Ervin "Otto" Veselka '40 October 17, 2018 3:40 PM updated: March 19, 2019 9:27 AM

Sent by son

2019 Muster Roll Call Ervin Otto Veselka, Class of ‘40

On September 8, 2018, Ervin Otto Veselka, 103 and a half years old, Class of ’40, veteran of WW II, finally had enough. For the last decade plus, his son Larry, Larry’s wife Celia, and their son Sam, all in Houston, daily went to see Otto; Elinor, his last child and only daughter, along with her husband Richard, came over regularly from Austin to visit. Otto was never alone, and even in that last year, when he would see his two-year-old great-grandson Max, he was focused on him and beamed his joy. At the end of August, going into September, Elinor was there helping with him, and she saw his frustration and heard him saying, “I will not get out of this bed again.” As one of the oldest living Aggies, it was his right to say when. Within two weeks it was over.

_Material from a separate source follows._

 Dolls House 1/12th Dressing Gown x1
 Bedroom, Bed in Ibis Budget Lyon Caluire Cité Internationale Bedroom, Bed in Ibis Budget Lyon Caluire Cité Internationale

He went to be with his wife of 72 years, a hardcore Aggie mother, Gerry Shelburne Veselka from Port Arthur, who died in 2013. He went to be with their much beloved middle son, Robert Ervin Veselka of Austin, who died in 1994. He went to be with their firstborn son, the first of that generation to follow their dad to Texas A&M, Shelburne (Shelly) Jay Veselka, Class of ’64, Vietnam veteran, who died in 2015. And certainly he went to be with his four brothers, Walter, Frank, Adolf, and Harry.

Their father, Frank Veselka, came to the United States at the end of the 19th century. The rest of Frank’s family had immigrated earlier, settling in the Fayetteville area in central Texas. Frank had to wait until his obligatory service in the Austro-Hungarian army was satisfied. He learned blacksmithing there. Once reunited with his family in Texas, he met and married a German woman, which did not go over well with her family, and the two of them ended up going north to Gary, Indiana and the steel mills for some years before returning to Texas.

Ervin Otto was born in Moulton, Texas, in Lavaca County, in 1915, and there his mother died suddenly when he was seven. The family moved to Kostoryz Acres near Corpus. They were sharecroppers, and very poor, and it was a rough place. He told of having to fight through certain areas walking home from school every day. He didn’t start school until he was nine years old, and he had very little English when he started. The Veselka brothers had to drop out of school for planting time and for the picking and ginning time. Their father was not an easy man to be raised by. He was an alcoholic and not, apparently, a very calm or happy man. The brothers pulled each other through, led by the oldest, Walter, who dropped out of school in the 6th grade so he could do the work at home and his younger brothers could go to school. After Walter grew up and left to marry and find his own home, the brothers left one by one until it came to the last two, Ervin Otto and Harry. They couldn’t both be gone all day; their father just wasn’t in any shape to do the work. Harry said school didn’t matter that much to him. Otto said, “I want something other than this, and the only way I know is to go to school.” Harry said, “You go then.” He did, all the way through and into A&M, where he got a degree in petroleum engineering. His father did not live to see it.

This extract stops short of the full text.